In Deutschland gibt es verschiedene Disziplinen der Versicherung, bei denen sich der Mensch nicht verweigern darf, eine Versicherung abzuschließen. Dies ist zum Beispiel beim Erwerb eines PKW´s der Fall oder bei der Privaten Haftpflicht, aber auch bei der Krankenversicherung. Nicht in allen Ländern ist es üblich, den Menschen zum Abschluss einer Versicherung zu verpflichten. Eine Versicherungspflicht kann in jedem Falle auch immer ein Anlass für kontroverse Diskussionen sein. Wer liberal denkt vertritt die Meinung, der Mensch solle Selbstbestimmt sein eigenes Leben regeln und die Entscheidung über mögliche Risiken selbst entscheiden und ggf. dann auch die Konsequenzen für sein Handeln tragen.

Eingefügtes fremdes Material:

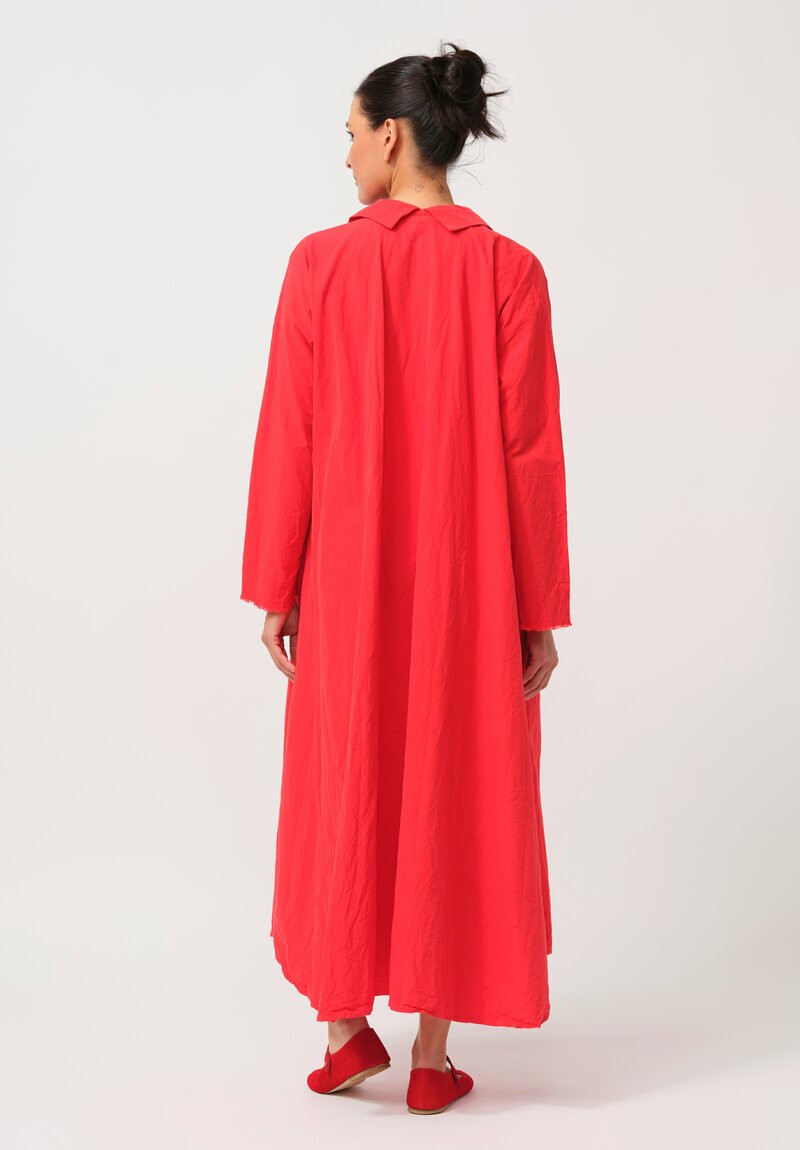 Daniela Gregis Washed Cotton Abito Spicchi Colletto Dress in Rosso Red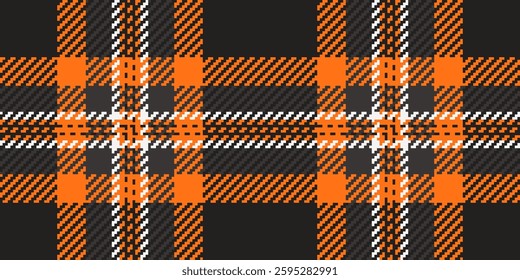 Thin vector seamless textile, valentines day plaid fabric check. Shabby background texture pattern tartan in black and pumpkin colors palette.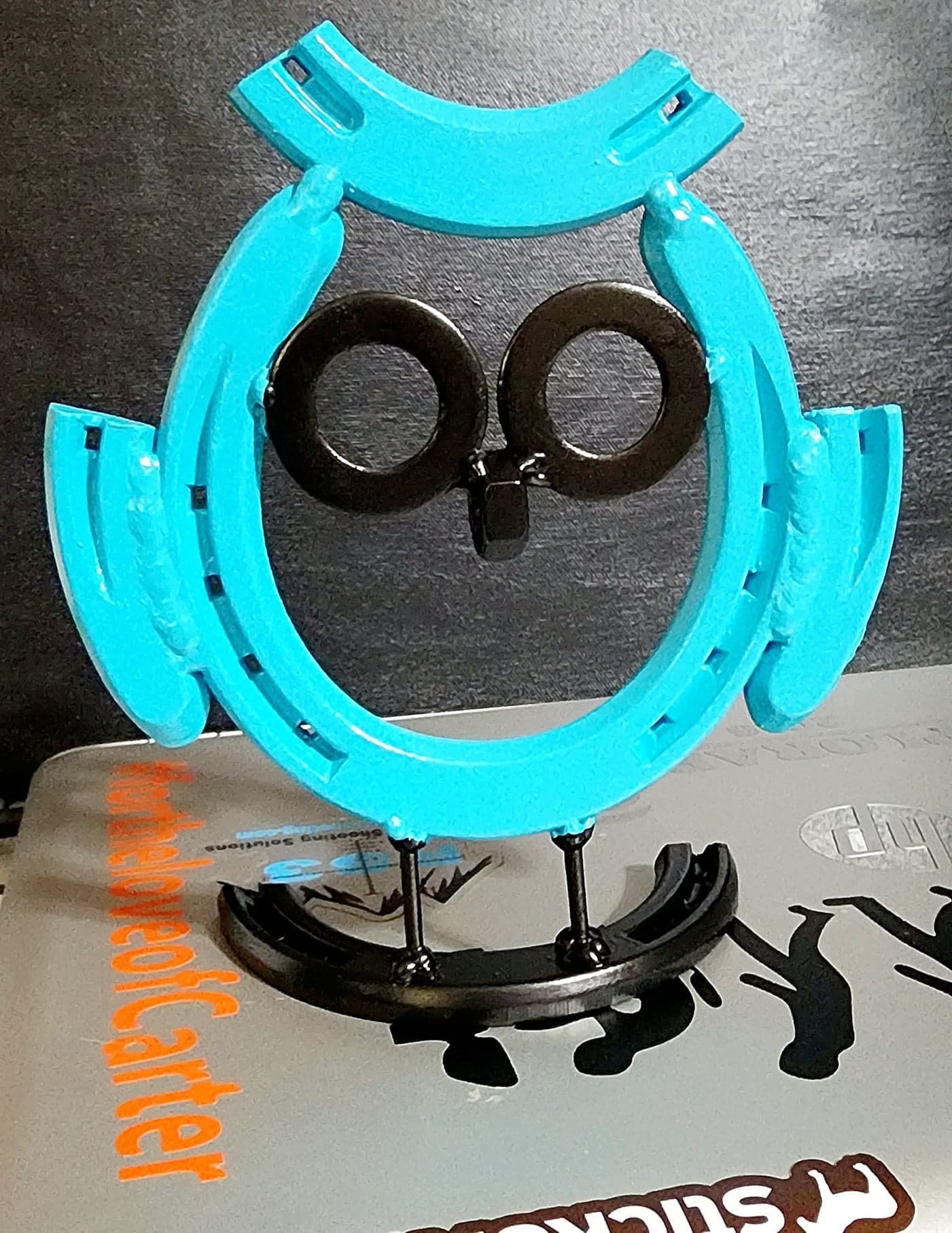 Owl Steel Horseshoe Art Custom Made Hand Made Welded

Die soziale Argumentation hält dem entgegen, dass nicht jeder Mensch die Fähigkeit besitze, all diese Unwägbarkeiten selbst abschätzen zu können und befürwortet Regelungen, die es insbesondere den schwächeren Menschen erleichtern, die Risiken zu minimieren. So hatte sich seit Jahrzehnten die Versicherungspflicht für Arbeitnehmer etabliert. Selbständige Unternehmer und freiberuflich tätige Menschen können in Deutschland selbst entscheiden, ob sie eine private Krankenversicherung nutzen wollten oder nicht. Von Menschen, die in der Lage sind ein solch selbstbestimmtes Leben zu führen, kann offensichtlich auch eine adäquate diesbezügliche Beurteilung erwartet werden. Dennoch hat der Gesetzgeber 2007 die Versicherungspflicht für alle Menschen in Deutschland eingeführt, egal ob Angestellt, Selbstständig oder Freiberufler. Spätestens ab 01.01.2009 gilt auch für selbstständig tätige Menschen und Freiberufler die Versicherungspflicht in Deutschland, mit der Wahl ob für eine gesetzliche oder private Krankenversicherung. Hintergrund dieser Entscheidung der Gesundheitsreform war die Gefahr einer zusätzlichen Beanspruchung der Sozialkassen durch Menschen, die sich gegen den Abschluss einer jedweden Krankenversicherung entschieden hatten und im Behandlungsfalle nicht in der Lage waren, die Kosten für lebensrettende Maßnahmen selbst zu tragen.